Journalists debate the technical weaknesses of sportsmen at their own risk. In 1974, Geoff Boycott was dismissed four times by a nondescript Indian left-arm bowler, Eknath Solkar, and announced his retirement from Test cricket, mainly because he had had enough of Mike Denness's captaincy. The media decided it was because Boycott could not deal with left-arm bowlers and the Yorkshireman was amused and infuriated to read the "evidence" in newspaper diagrams that showed him being bowled by perfectly straight deliveries.

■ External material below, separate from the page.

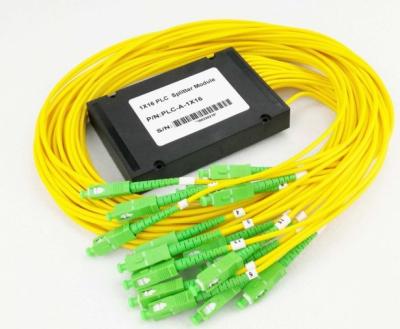 China 100 * 80 * 10mm 1 X 16 SM Fiber Optic PLC Splitter ABS Box 2.0mm Dia LSZH Material for sale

So it was, albeit with a slightly greater degree of sophistication, with Seaman, a fellow Yorkshireman who was brought up in a two-bedroomed terraced house in Rotherham which until he was 14 had no inside toilet. His friend and goalkeeping coach at Highbury, Bob Wilson, thought Nayim's shot was a fluke and considered Seaman blameless for the free-kick against Brazil.

"Only the cruellest of critics, or someone who does not understand the art of goalkeeping, would accuse Seaman of having made a crass mistake," Wilson said. "The curling parabola and arc of the shot made it impossible to save unless the keeper had a very early sighting." Seaman's view was partially obscured by Paul Scholes.

Wilson was surprised to see Seaman break down in Japan; he had never before, and he gave a TV interview in which he mumbled his apologies to the nation. Seaman has avoided the press since details of the break-up of his first marriage were revealed by the tabloids, whose scorn was given further ammunition when he adopted a ponytail. When Seaman delivered an indifferent performance against Macedonia in October it was thought his time with England was up, and, with his omission from the squad to play South Africa, those opinions appear to have been confirmed.

His Arsenal career may not stretch much beyond Saturday's FA Cup final; Seaman is undecided on whether to accept a new contract, although Arsène Wenger has stated that a coaching role is his should he want it.

Seaman's obituary has been written many times. Before Euro 2000, there were calls for his replacement by Nigel Martyn while Wenger's pursuit of Jerzy Dudek and Richard Wright suggested the Arsenal manager was not convinced. The use of the Carling Opta league table to "prove" Seaman was in decline infuriated John Lukic, whom Seaman replaced in 1990 for a then record fee for a goalkeeper of £1.3m.

"Working with him every day is to see his single-minded pursuit of perfection," Lukic said. "He is so much his own worst critic that the way he analyses any goal he concedes makes a lobotomy seem less intrusive."

Seaman is a private man whose passions away from football are fishing and, to a lesser extent, greyhound racing. "I know where I come from," he once said. "I have had tea with the Queen but I keep everything in perspective."

There was a time in the summer of Euro 96 when Seaman was a national hero. The penalty save from Gary McAllister led directly to Paul Gascoigne's winner against Scotland which was followed by Seaman's heroics in the penalty shoot-out in the quarter-final with Spain.

When shortly afterwards he paid a visit to Wimbledon, Seaman was rather embarrassed to receive an ovation from the tennis crowds. If this is goodbye, old "Safe Hands" deserves another round of applause.